DIRECTIONS FOR THIS TASK: In the copy, include every entry exactly but none of the pictures.

Scraped caption text data:
....................
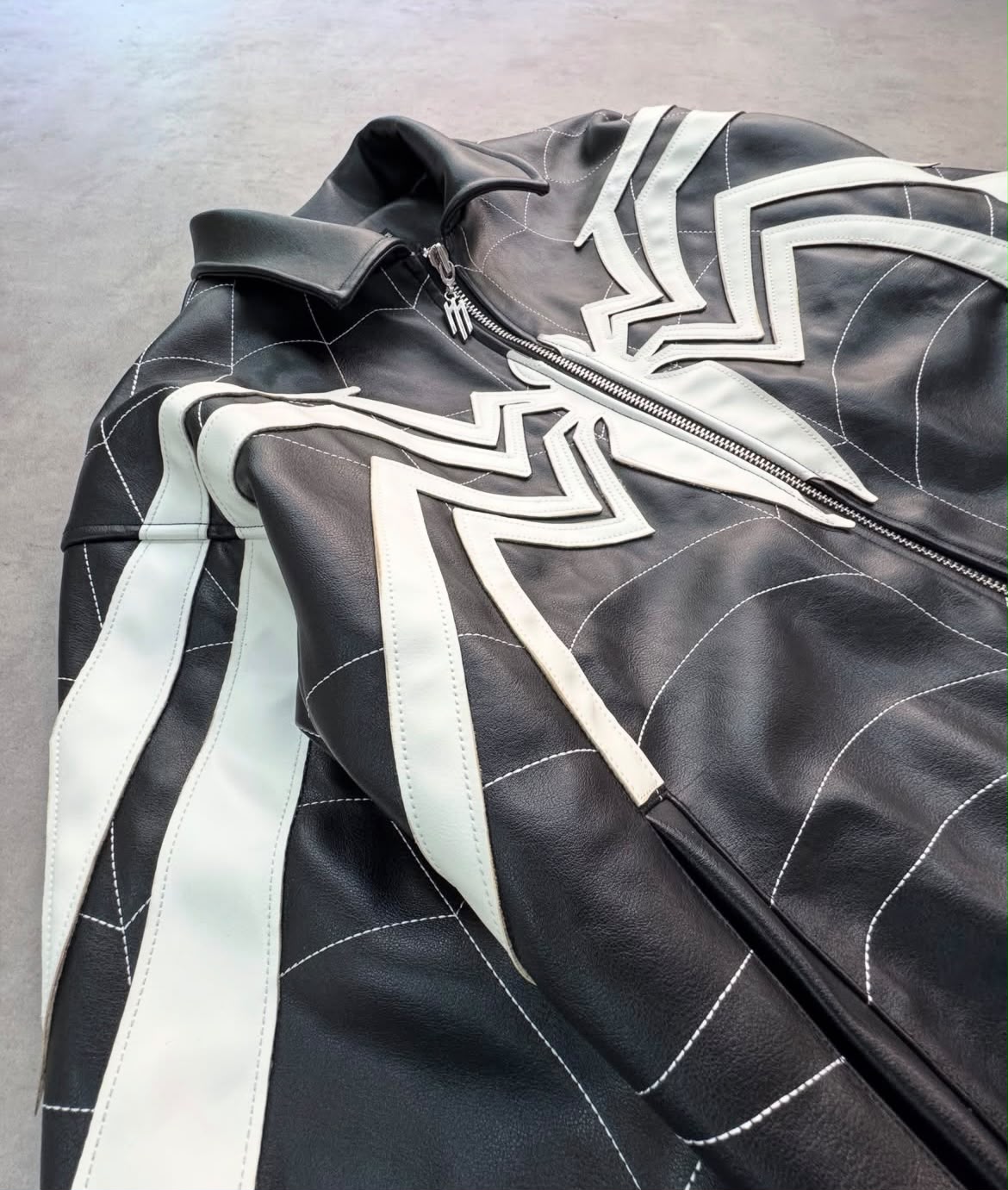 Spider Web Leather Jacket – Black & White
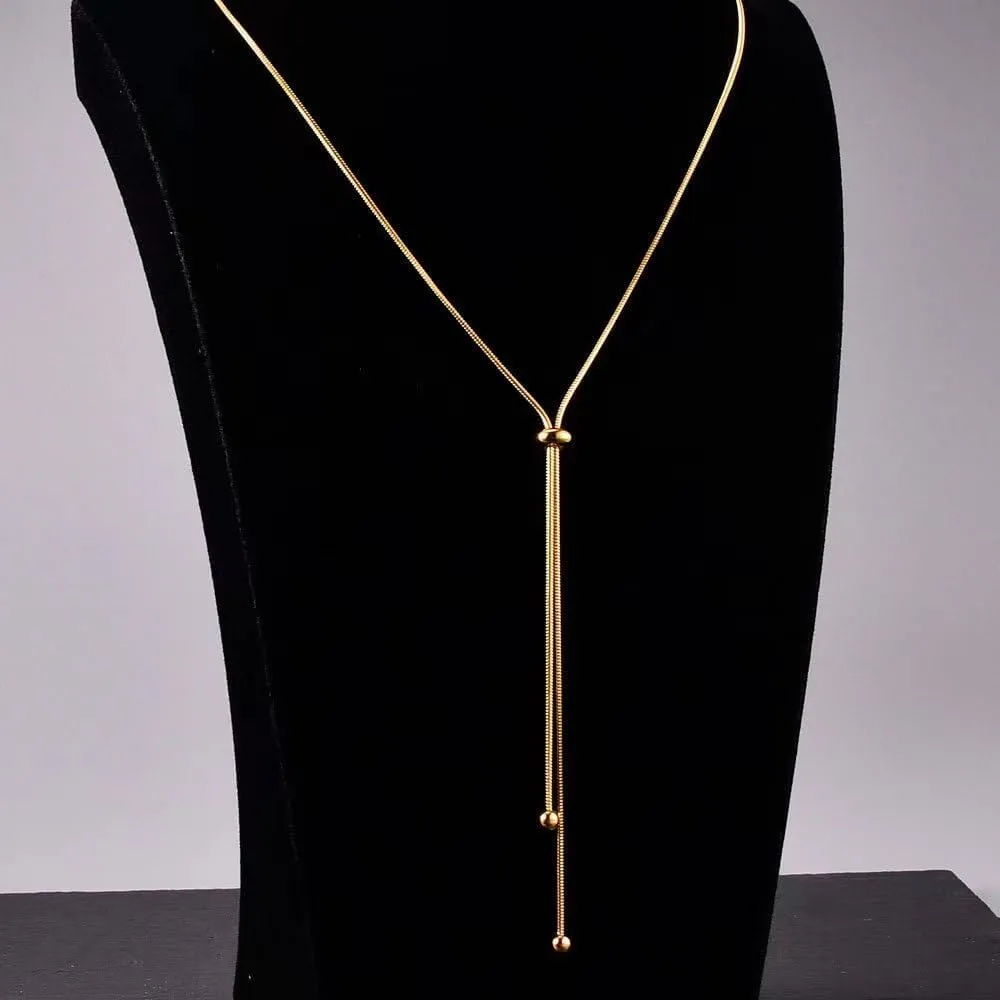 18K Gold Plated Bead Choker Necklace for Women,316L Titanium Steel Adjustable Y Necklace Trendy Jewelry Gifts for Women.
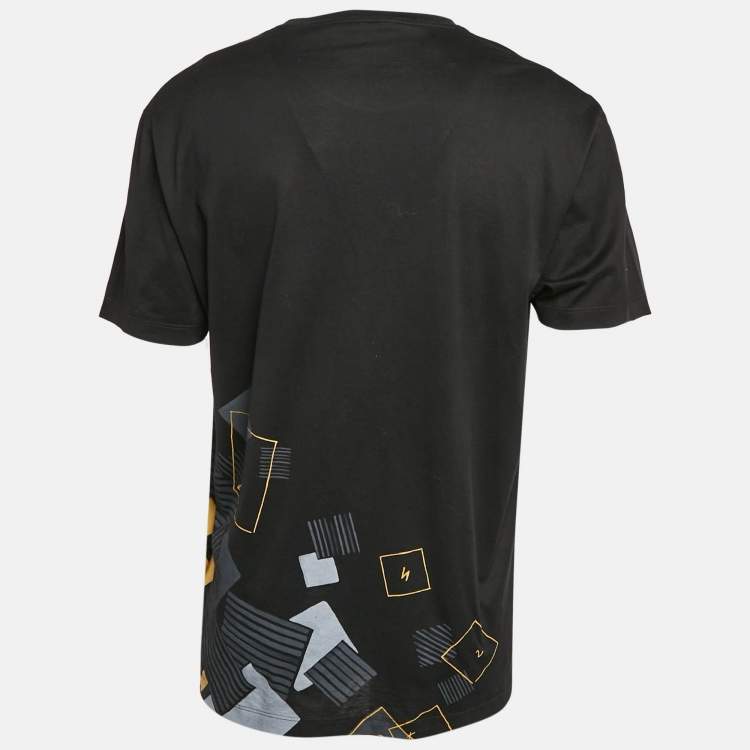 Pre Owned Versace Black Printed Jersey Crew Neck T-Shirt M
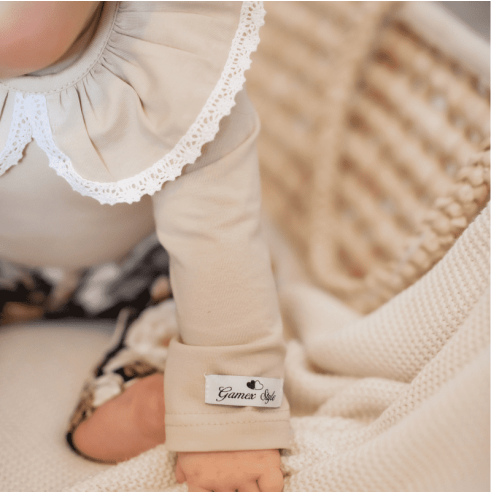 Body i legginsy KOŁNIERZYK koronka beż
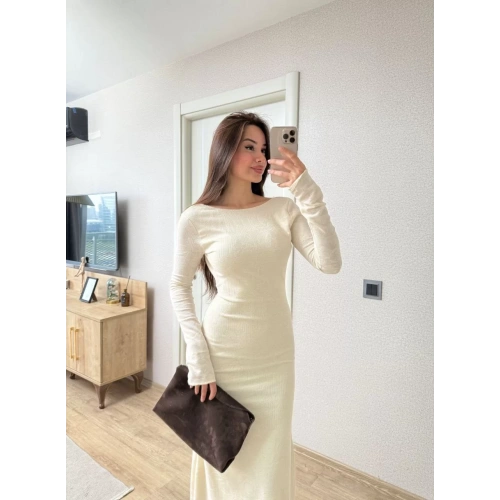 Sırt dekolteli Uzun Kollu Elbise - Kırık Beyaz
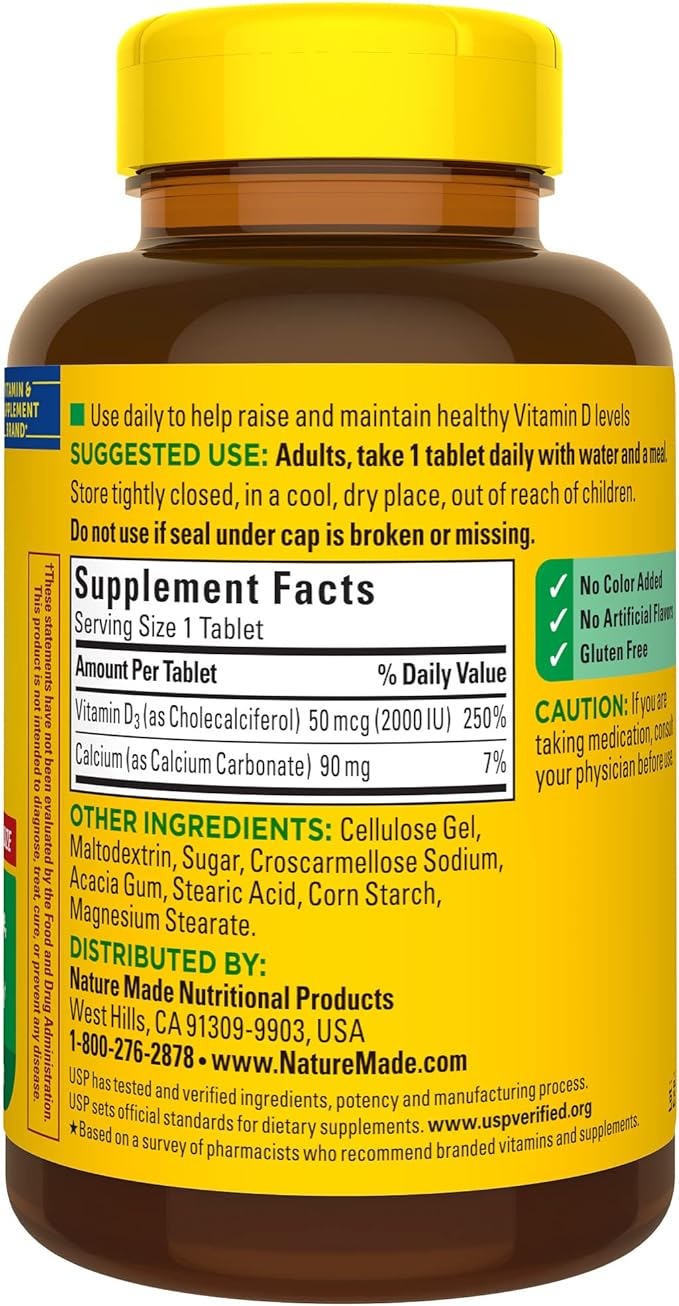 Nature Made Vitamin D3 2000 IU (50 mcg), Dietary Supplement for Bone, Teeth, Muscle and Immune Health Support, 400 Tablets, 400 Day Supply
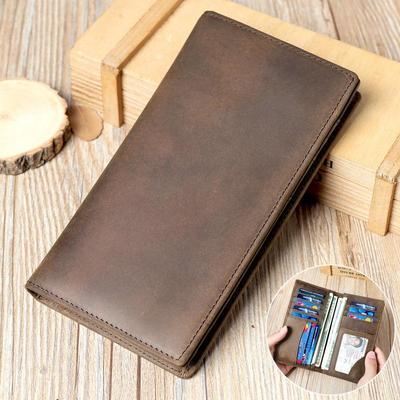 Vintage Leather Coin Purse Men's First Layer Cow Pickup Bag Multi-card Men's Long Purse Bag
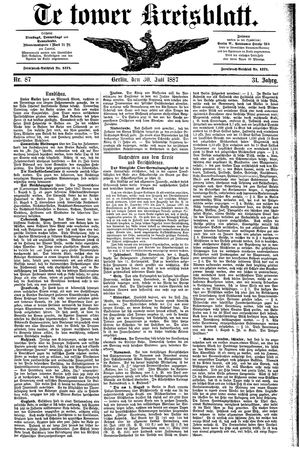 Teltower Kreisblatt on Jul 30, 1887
....................
RESPONSE BOX:
 Spider Web Leather Jacket – Black & White
 18K Gold Plated Bead Choker Necklace for Women,316L Titanium Steel Adjustable Y Necklace Trendy Jewelry Gifts for Women.
 Pre Owned Versace Black Printed Jersey Crew Neck T-Shirt M
 Body i legginsy KOŁNIERZYK koronka beż
 Sırt dekolteli Uzun Kollu Elbise - Kırık Beyaz
 Nature Made Vitamin D3 2000 IU (50 mcg), Dietary Supplement for Bone, Teeth, Muscle and Immune Health Support, 400 Tablets, 400 Day Supply
 Vintage Leather Coin Purse Men's First Layer Cow Pickup Bag Multi-card Men's Long Purse Bag
 Teltower Kreisblatt on Jul 30, 1887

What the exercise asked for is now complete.